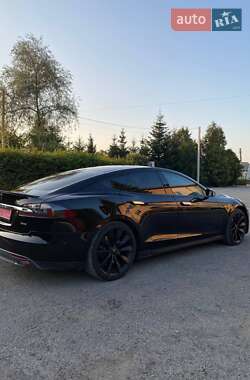 Лифтбек Tesla Model S 2013 в 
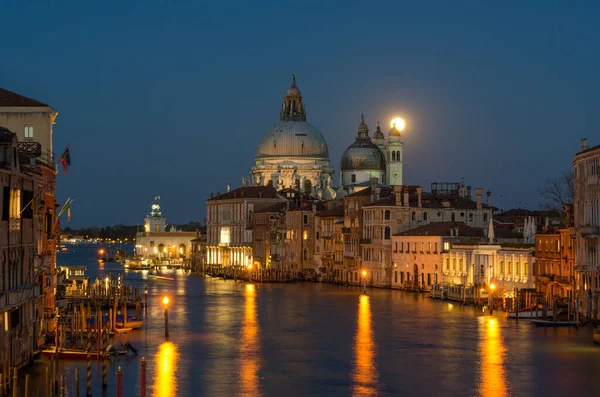 İtalya. Venedik. Büyük Kanal 'ın akşam manzarası.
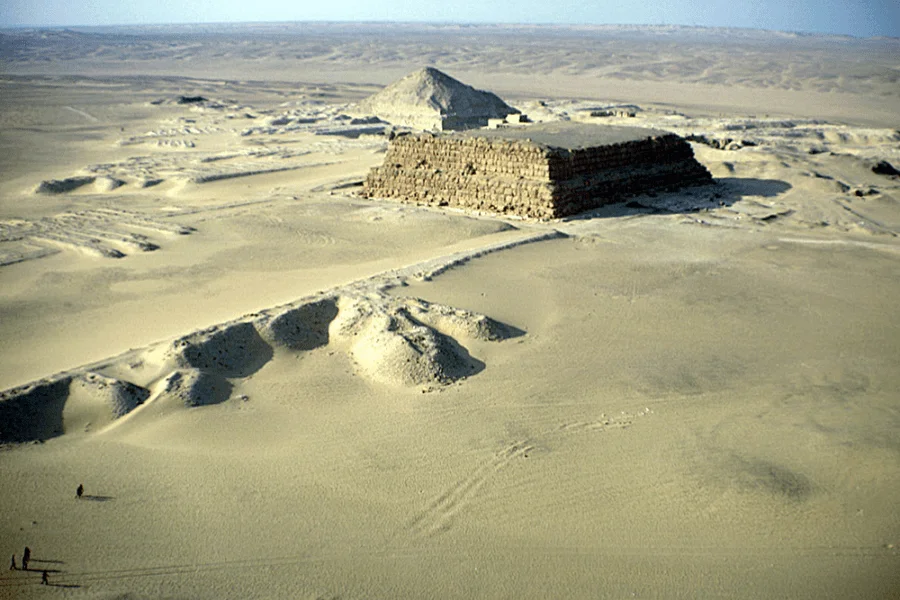 Baka's Unfinished Pyramid - Zawyet el-Aryan - Egypt Tours Group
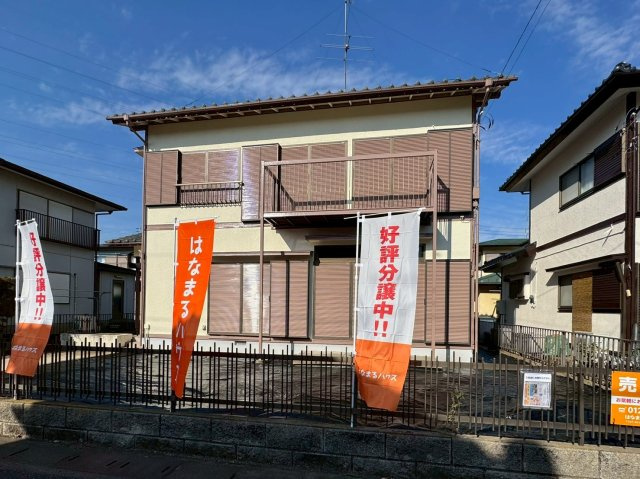 雨戸が各部屋についております。雨風をしのぐのはもちろん、防犯面、断熱や防音効果も期待できますね。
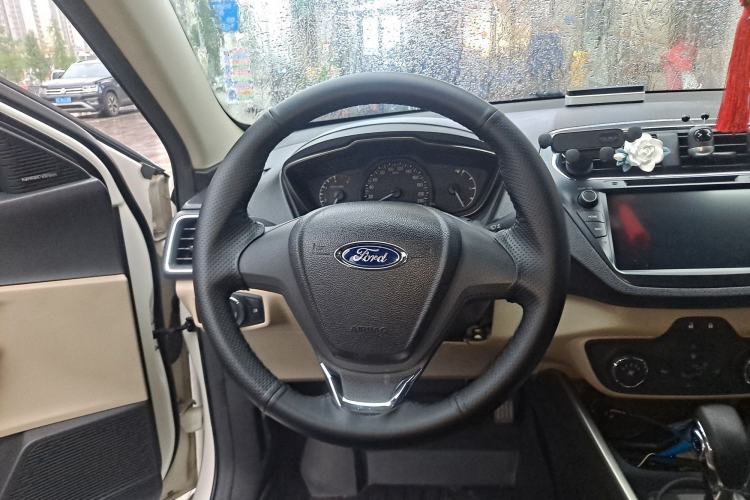 Used Ford Escort 2015 1.5L Automatic Comfort Edition Steering Wheel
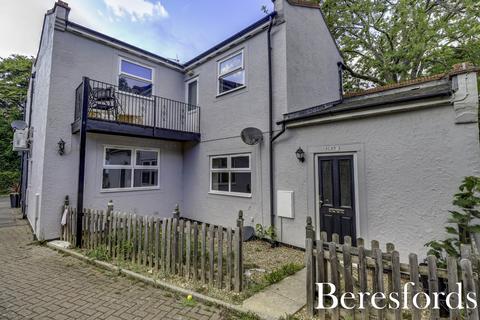 1 bed property, in Warley Hill, £200,000
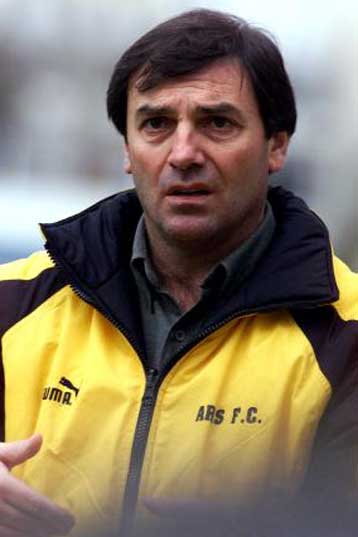 Ο Κοντομηνάς δεν έκανε δεκτή την παραίτηση Τεννέ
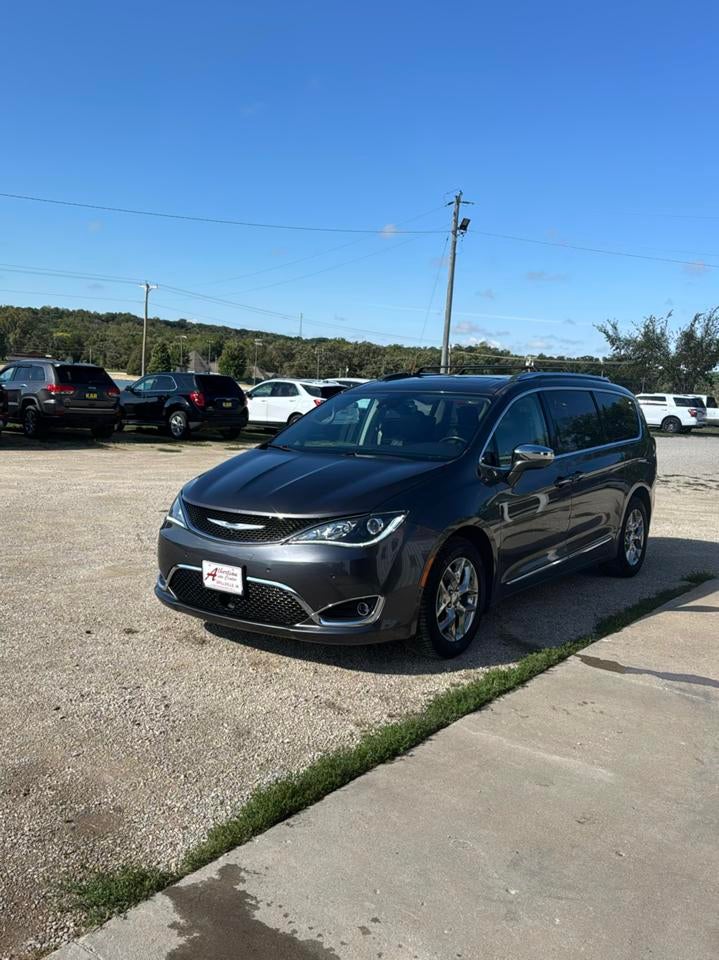 2018 Chrysler Pacifica Limited FWD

- [Work instructions] Write out exactly the stretch of lines that begins with the line containing "Ο Κοντομηνάς δεν" and ends with the last line of the records above, leaving out the pictures.

- [Response]
 Ο Κοντομηνάς δεν έκανε δεκτή την παραίτηση Τεννέ
 2018 Chrysler Pacifica Limited FWD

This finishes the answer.